Postbox Live: Rainbow Cake

Rainbow Cake

 

 Rainbow Cake




Rainbow Cake



(9-inch, 7-layer, close to 3kg)

525g Plain Flour
2 tsp Baking Powder
2 tsp Baking Soda
0.5 tsp Salt
340g Unsalted Butter, softened at room temperature
675g Caster Sugar
6 Large Whole Eggs
440g Fresh Milk
2.5 tsp Vanilla Extract

Wilton gel colouring - red, orange, yellow, green, blue, purple, pink


1.
Preheat oven to 170 degrees Celsius. Grease all the cake pans available, and line them with parchment paper. Set aside.

2. Sift flour, baking powder, baking soda and salt into a large bowl. Mix well and set aside.
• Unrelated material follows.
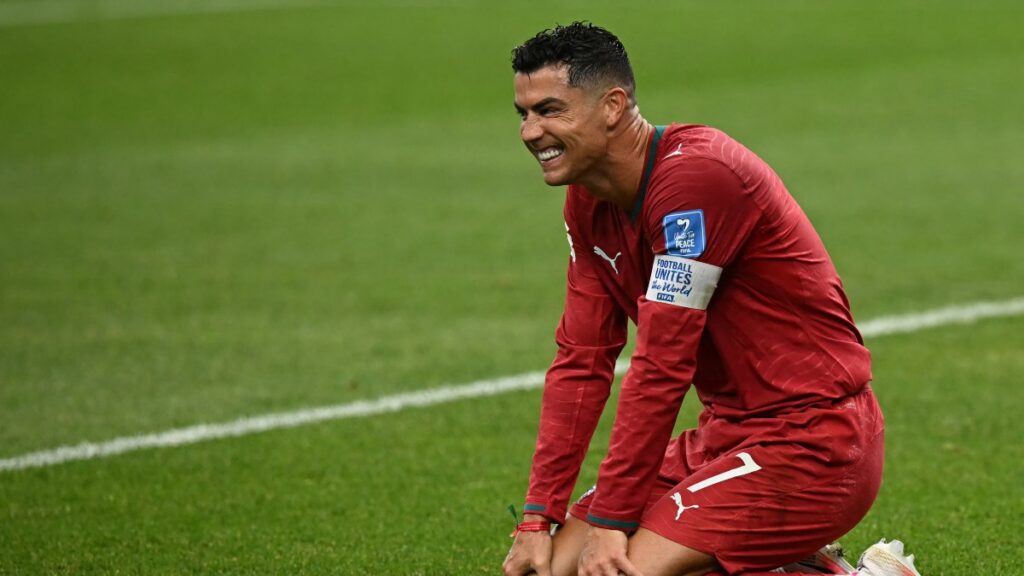 Cristiano Ronaldo con Portugal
3. Cream softened butter until light and fluffy (using an electric mixer fixed with the paddle attachment, medium-high speed).

4. Add sugar gradually and beat till well combined and fluffy.
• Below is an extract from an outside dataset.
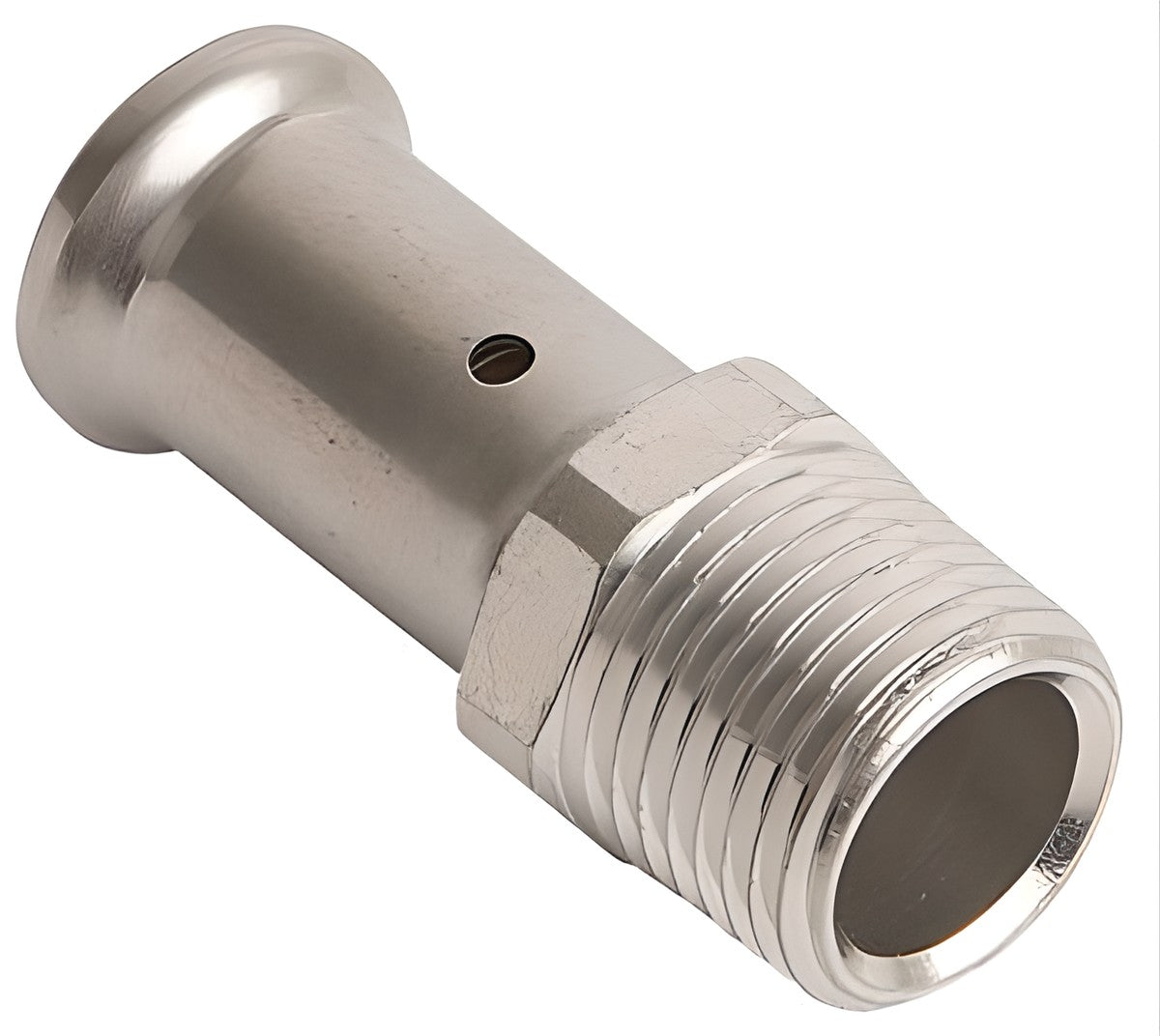 Henco 20mm-3/4"M brass crimp fitting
5. Reduce mixer speed to medium and add in eggs one at a time until just blended.

6. Reduce mixer speed to low, slowly add the flour mixture in 3 additions, alternating with milk, until just blended.
Add the vanilla extract. Stop to scrape down the sides of the bowl with a spatula as necessary.
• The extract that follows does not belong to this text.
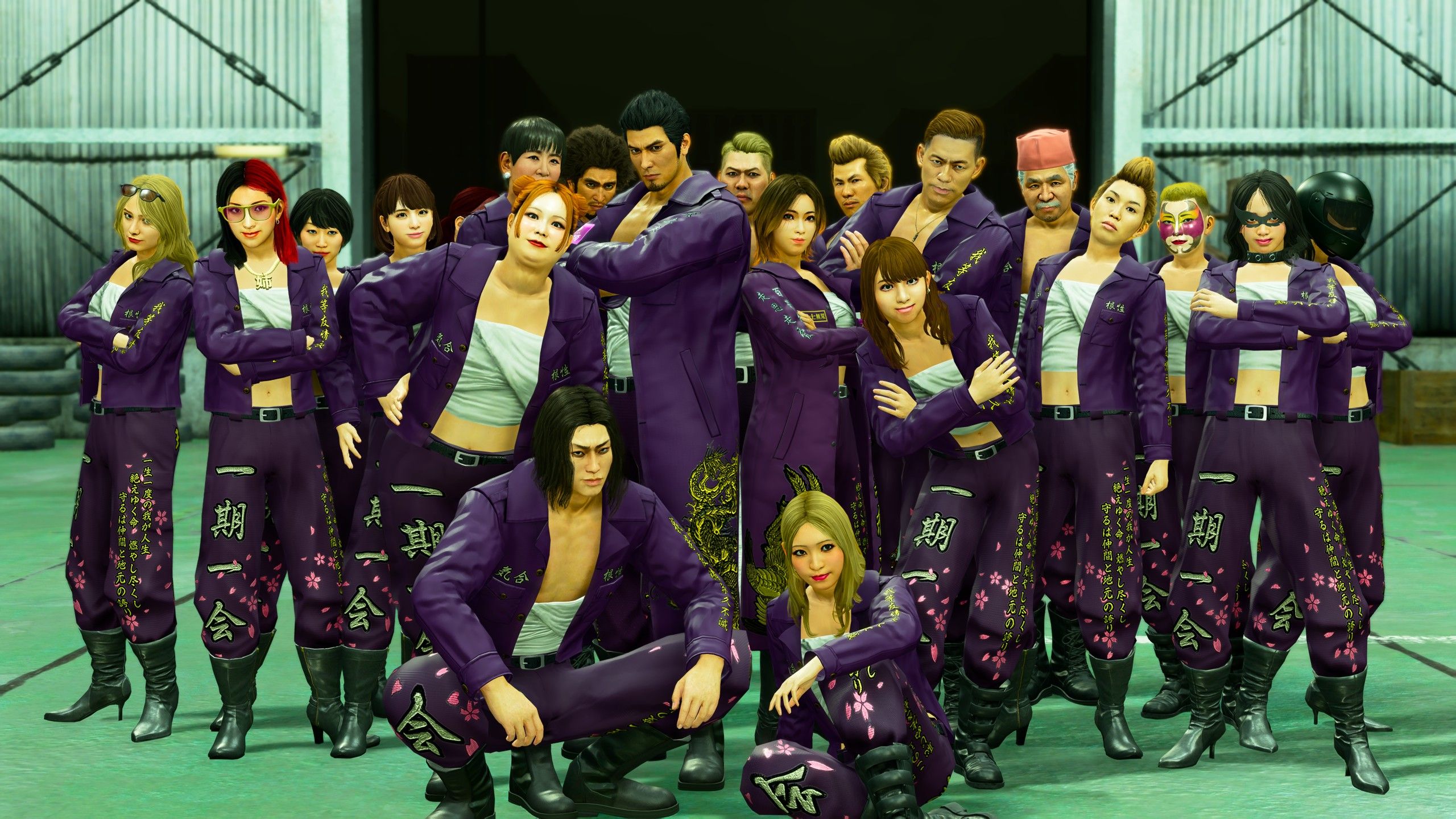 All Haisai Girl Baddies & How to Get Them in Yakuza Kiwami 3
7. The total weight of the batter is about 2320g. Divide into 7 portions (each about 328g - 330g).

8. Add food colouring to each portion using a toothpick, bit by bit to the desired colour tone.
Mix thoroughly to ensure all the colouring is well blended with the batter.

Rainbow Cake



9. Pour batter into cake pans and smooth the surface. Bake for about 13 to 15 mins.

10. Place the cake pans on a wire rack to cool for 15 mins. Invert the cakes onto the rack and let cool completely. If not frosting immediately, wrap each layer individually with cling wrap. Repeat the baking process till all 7 layers are completed.